WHAT YOU HAVE TO DO> An exact reproduction of the records is required, with all images left out.
[Start of Attachment]
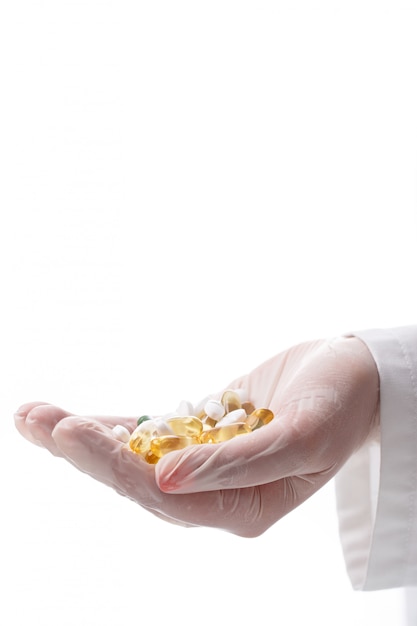 Free photo doctor holding heap of pills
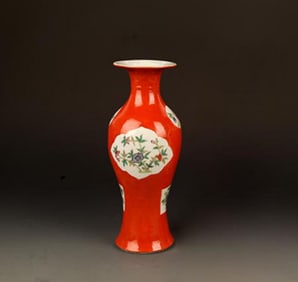A FINE RED GROUND FAMILLE ROSE PATTERN PORCELAIN GUANYIN VASE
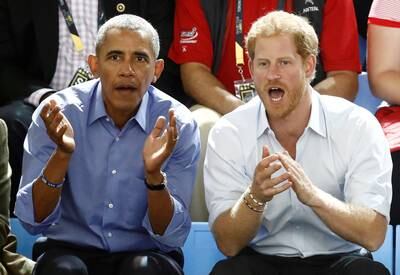 Britain's Prince Harry (R) and former U.S. President Barack Obama watch a wheelchair basketball event during the Invictus Games in Toronto, Ontario, Canada September 29, 2017.    REUTERS/Mark Blinch     TPX IMAGES OF THE DAY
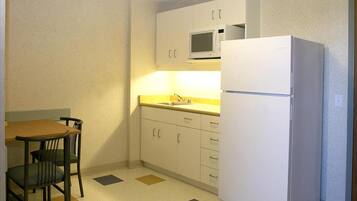 Full-size fridge, microwave, dining tables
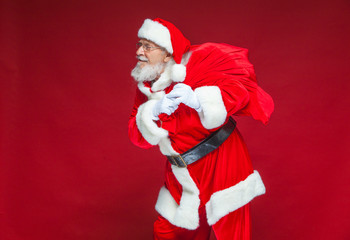 Christmas. Kind and tired Santa Claus in white gloves carries a red bag with gifts over his shoulder. Isolated on red background.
[End of Attachment]
FINISHED EXERCISE>
 Free photo doctor holding heap of pills
A FINE RED GROUND FAMILLE ROSE PATTERN PORCELAIN GUANYIN VASE
 Britain's Prince Harry (R) and former U.S. President Barack Obama watch a wheelchair basketball event during the Invictus Games in Toronto, Ontario, Canada September 29, 2017.    REUTERS/Mark Blinch     TPX IMAGES OF THE DAY
 Full-size fridge, microwave, dining tables
 Christmas. Kind and tired Santa Claus in white gloves carries a red bag with gifts over his shoulder. Isolated on red background.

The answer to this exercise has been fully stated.